EDIT: Realised it could be simpler.

2nd EDIT: Adjusted to account for month as well.

First let's grab a year-month variable from your data.

If it isn't already make sure the Usage column is of type Date.

software_data$Usage <- as.Date(software_data$Usage)

Once it's of type date we can compress this to a Year-Month Date column.

software_data$Usage_Year_Month <- format(software_data$Usage, format = "%Y-%m")

Once your dataframe is in this form, from this to the output I have at mau2 is just 3 lines of code.

mau <- ddply(software_data, c("id", "software_v", "Usage_Year_Month"), nrow)

mau <- mau[mau[,4] > 1,]

mau2 <- ddply(mau, c("software_v", "Usage_Year_Month"), nrow)

Now let me explain that.

We can use ddply (from the plyr package) to apply the nrow function to each subset of the data. So we subset on id, software_v and the variable we created Usage_Year_Month, then our function returns the number of rows in that subgroup. Then at the end we just need to filter so we only keep those rows with a value of greater than 1.

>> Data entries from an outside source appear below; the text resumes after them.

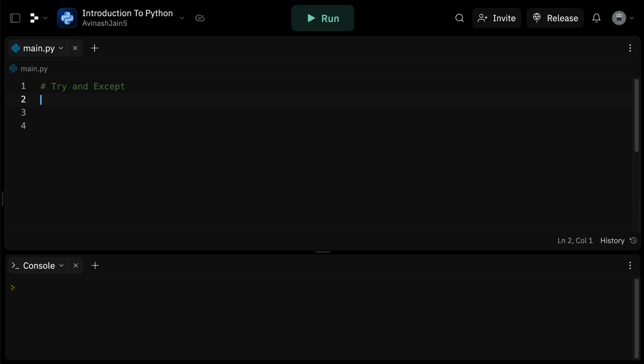Hey guys, Avi here and welcome back to our Python programming series. Today we're going to dive into the usage of try and except statements in Python. Let's jump right in.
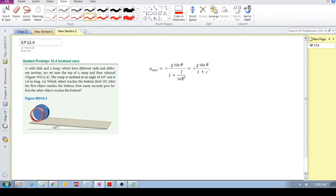Guided problem 12.4. I'm not going to go through the whole solution — I'll just give you some guidance.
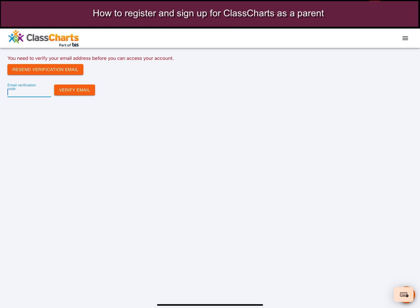The first time you've logged in, you'll need to enter a verification code or click on the link in the email that's sent to you by ClassCharts to verify your email. In this situation I'm going to put in the code directly into the software so that I can continue.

mau <- ddply(software_data, c("id", "software_v"), numcolwise(length))

mau <- mau[mau[,4] > 1,]

I've set up a mock example of your data as below (just picked an arbitrary sequence of dates for Usage).

id = round(runif(100)*5)
id = c(id, seq(6,10))
Usage = seq(as.Date("2011-12-01"), as.Date("2011-12-01")+length(id)-1, by = "+1 day")
software_v = round(runif(length(id))*3)

software_data <- data.frame(id, Usage, software_v)

software_data$Usage_Year_Month <- format(software_data$Usage, format = "%Y-%m")

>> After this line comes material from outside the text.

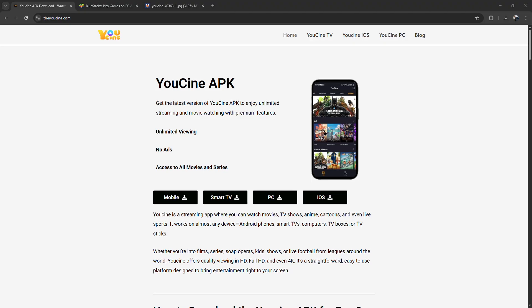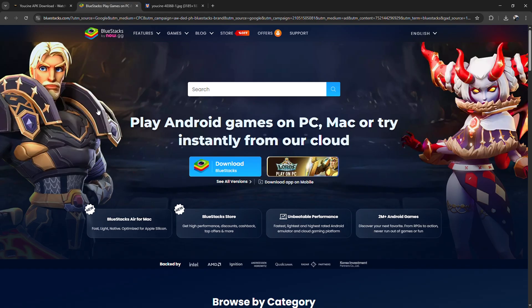If you're trying to get YouCine running on your PC, here is a clean and reliable way to set it up. Since YouCine doesn't have a native Windows or Mac app, the best workaround is using an Android emulator like BlueStacks, LD Player, or Knox.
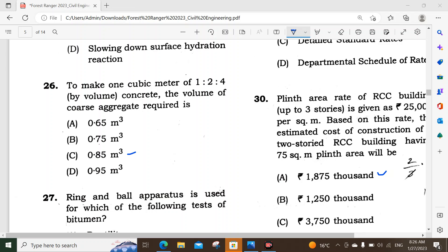Welcome to the FSC-AZ UDIP channel. Today we are going to discuss the forest rangers paper in the civil engineering department. Today we will discuss question number 26 and question number 50.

Using this input the code produces the below.

Output from function

The V1 column contains the number of use cases for each unique id, software_v and Usage_Year_Month grouping. If you just want the unique ids for which you have more than 1 use case, just use unique(mau$id).

If you then want this by software version and month, let's just go one more round with ddply.

mau2 <- ddply(mau, c("software_v", "Usage_Year_Month"), nrow)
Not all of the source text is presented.